Every record below must be returned word for word, with the pictures left out.

═════ Available records

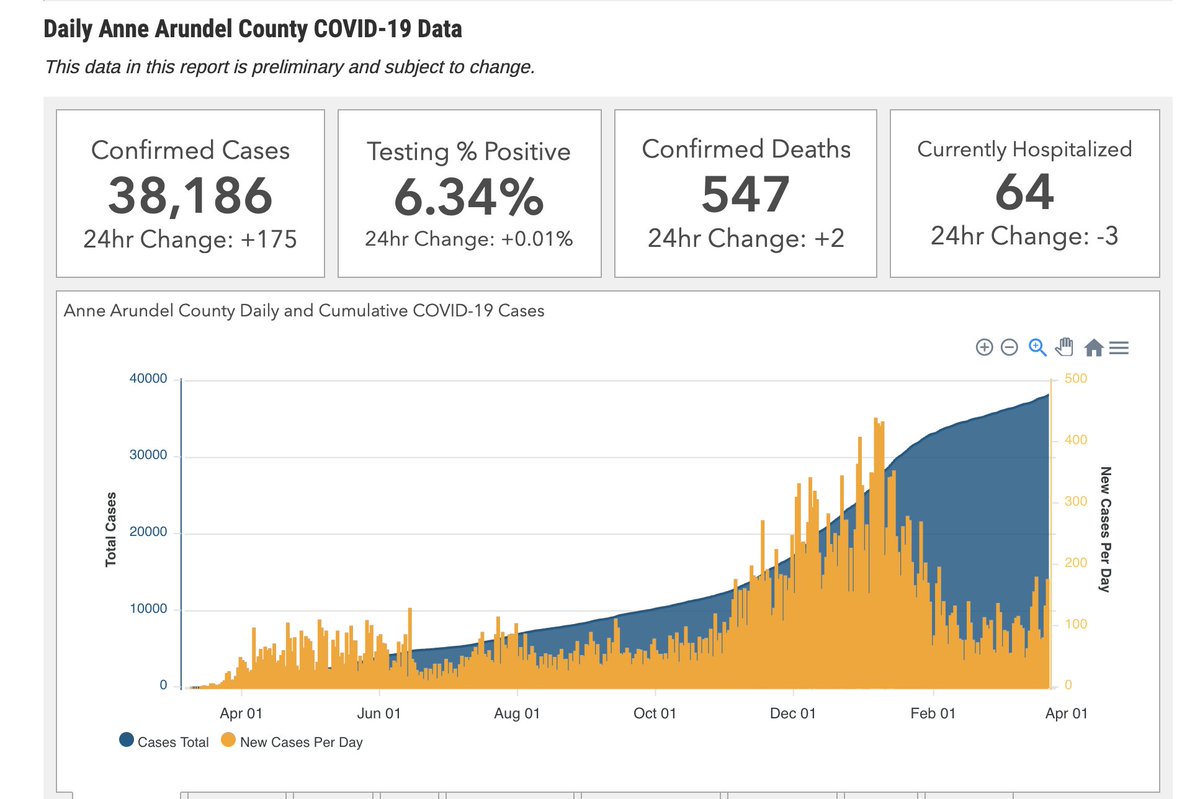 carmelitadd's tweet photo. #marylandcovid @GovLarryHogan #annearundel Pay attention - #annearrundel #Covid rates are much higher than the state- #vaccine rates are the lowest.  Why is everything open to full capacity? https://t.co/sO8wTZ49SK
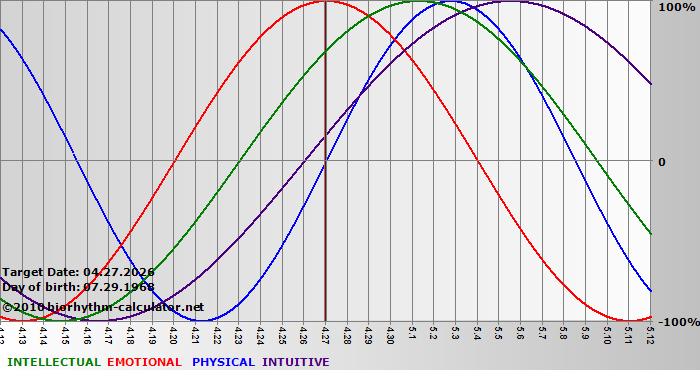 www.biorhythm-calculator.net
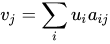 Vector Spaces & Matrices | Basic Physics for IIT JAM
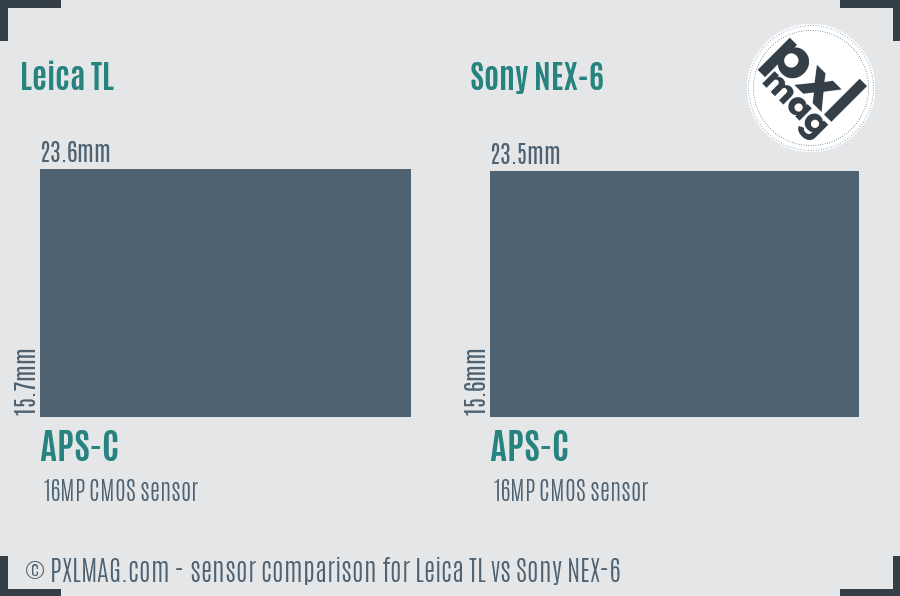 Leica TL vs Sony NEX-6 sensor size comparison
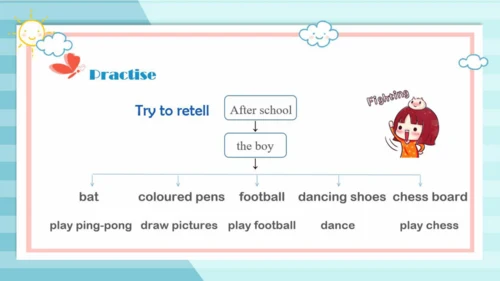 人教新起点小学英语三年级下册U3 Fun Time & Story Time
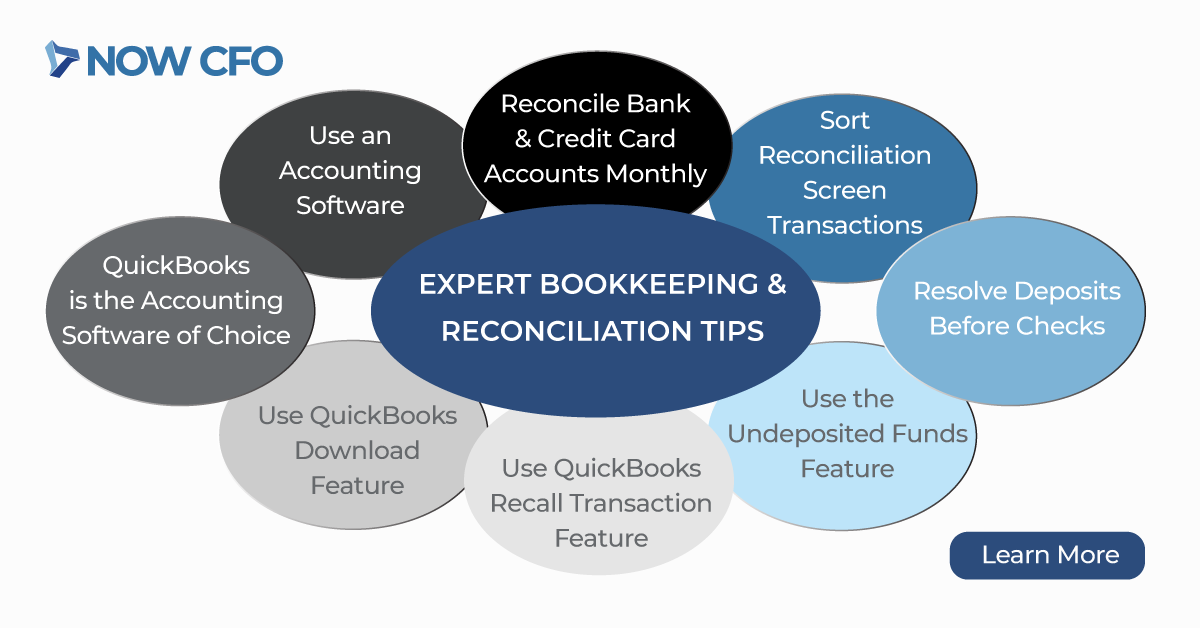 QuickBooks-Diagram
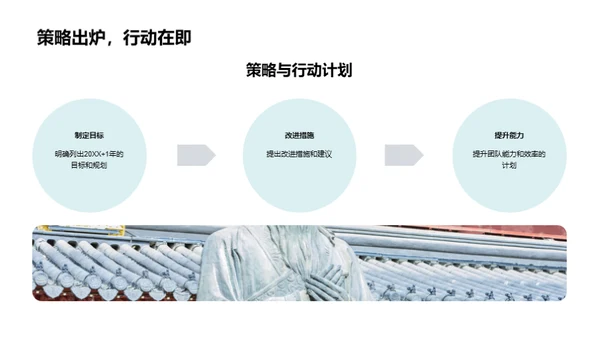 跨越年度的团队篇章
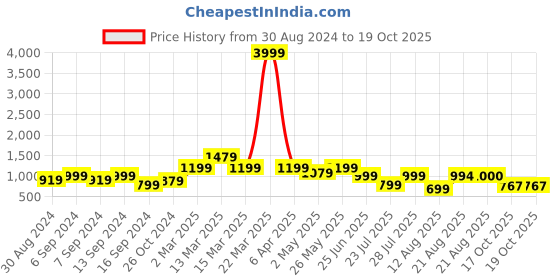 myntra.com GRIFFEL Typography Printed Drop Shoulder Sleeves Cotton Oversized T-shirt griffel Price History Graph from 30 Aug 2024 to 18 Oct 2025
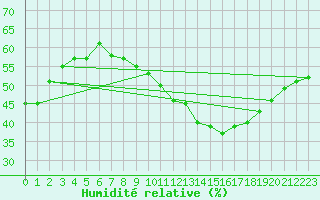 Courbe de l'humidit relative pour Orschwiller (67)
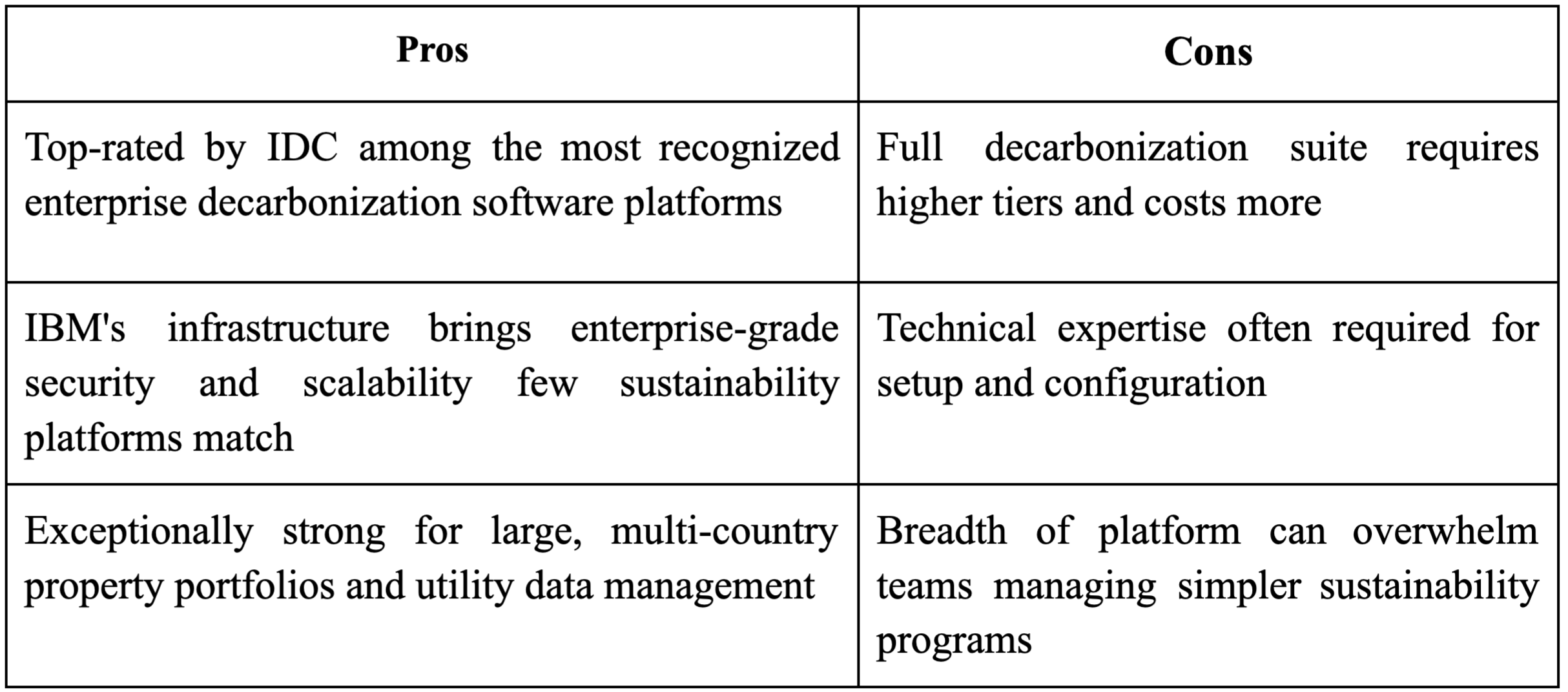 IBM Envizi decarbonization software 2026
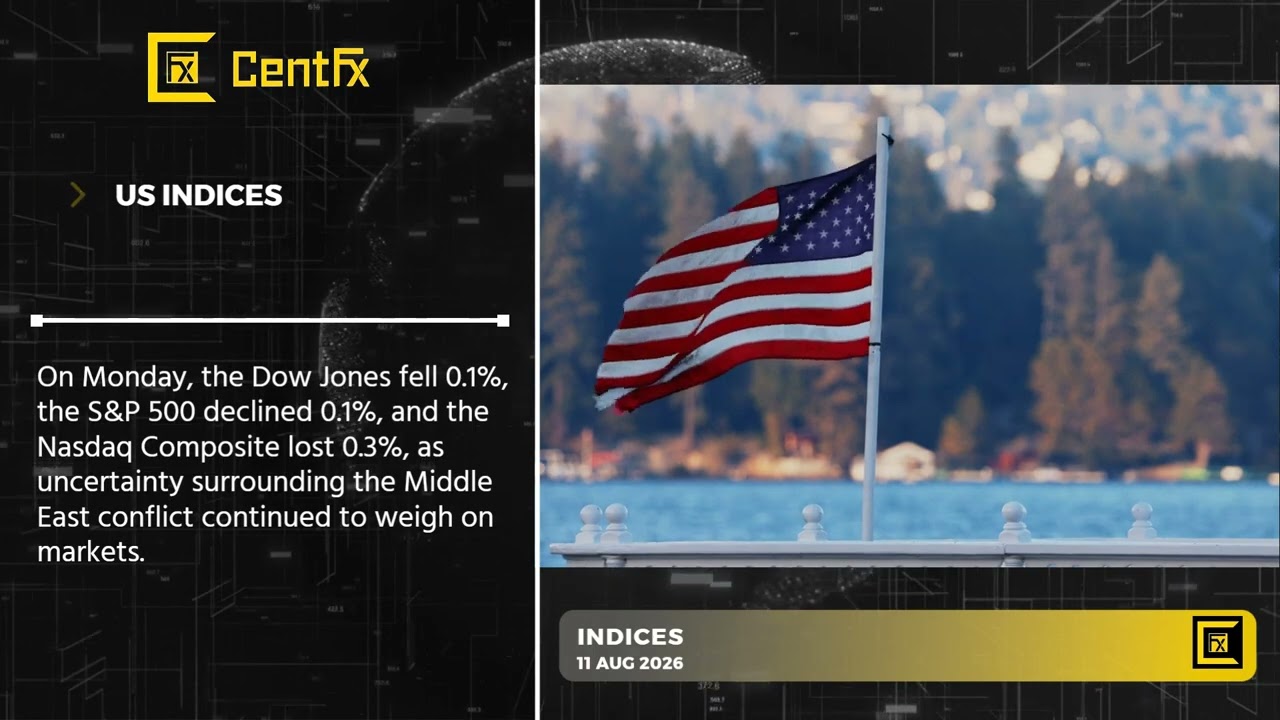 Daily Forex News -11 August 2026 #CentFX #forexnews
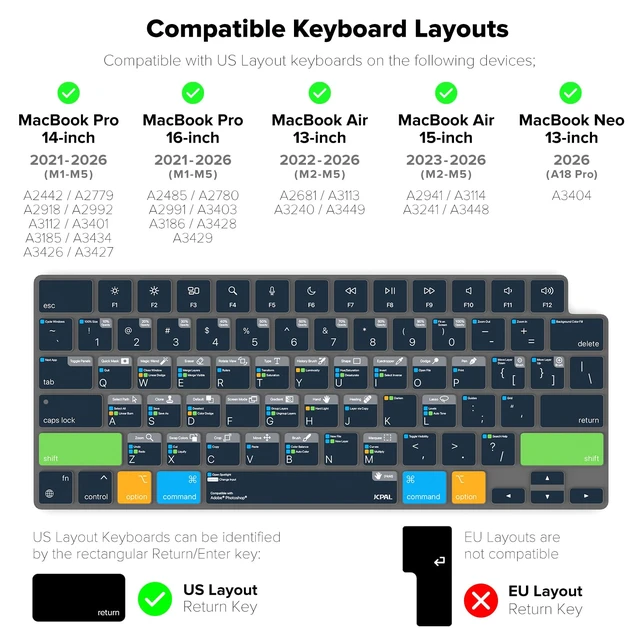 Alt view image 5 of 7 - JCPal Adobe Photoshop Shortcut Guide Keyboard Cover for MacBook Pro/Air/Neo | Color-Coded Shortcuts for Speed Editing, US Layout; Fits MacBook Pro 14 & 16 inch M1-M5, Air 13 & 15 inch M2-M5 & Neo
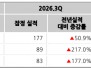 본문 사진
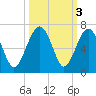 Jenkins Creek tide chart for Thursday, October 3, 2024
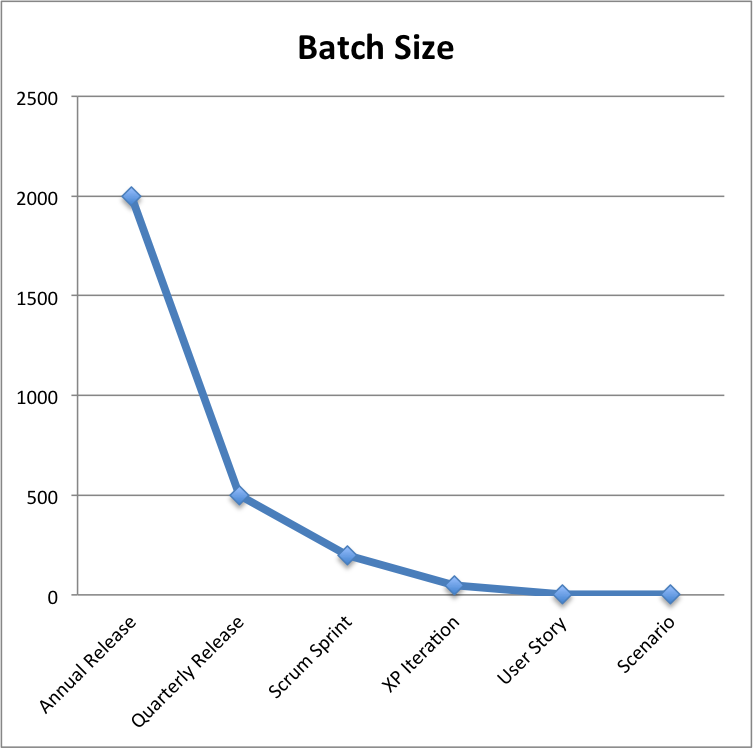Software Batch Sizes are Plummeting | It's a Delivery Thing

══════════

__Your response__.
 carmelitadd's tweet photo. #marylandcovid @GovLarryHogan #annearundel Pay attention - #annearrundel #Covid rates are much higher than the state- #vaccine rates are the lowest.  Why is everything open to full capacity? https://t.co/sO8wTZ49SK
 www.biorhythm-calculator.net
 Vector Spaces & Matrices | Basic Physics for IIT JAM
 Leica TL vs Sony NEX-6 sensor size comparison
 人教新起点小学英语三年级下册U3 Fun Time & Story Time
 QuickBooks-Diagram
 跨越年度的团队篇章
 myntra.com GRIFFEL Typography Printed Drop Shoulder Sleeves Cotton Oversized T-shirt griffel Price History Graph from 30 Aug 2024 to 18 Oct 2025
 Courbe de l'humidit relative pour Orschwiller (67)
 IBM Envizi decarbonization software 2026
 Daily Forex News -11 August 2026 #CentFX #forexnews
 Alt view image 5 of 7 - JCPal Adobe Photoshop Shortcut Guide Keyboard Cover for MacBook Pro/Air/Neo | Color-Coded Shortcuts for Speed Editing, US Layout; Fits MacBook Pro 14 & 16 inch M1-M5, Air 13 & 15 inch M2-M5 & Neo
 본문 사진
 Jenkins Creek tide chart for Thursday, October 3, 2024
Software Batch Sizes are Plummeting | It's a Delivery Thing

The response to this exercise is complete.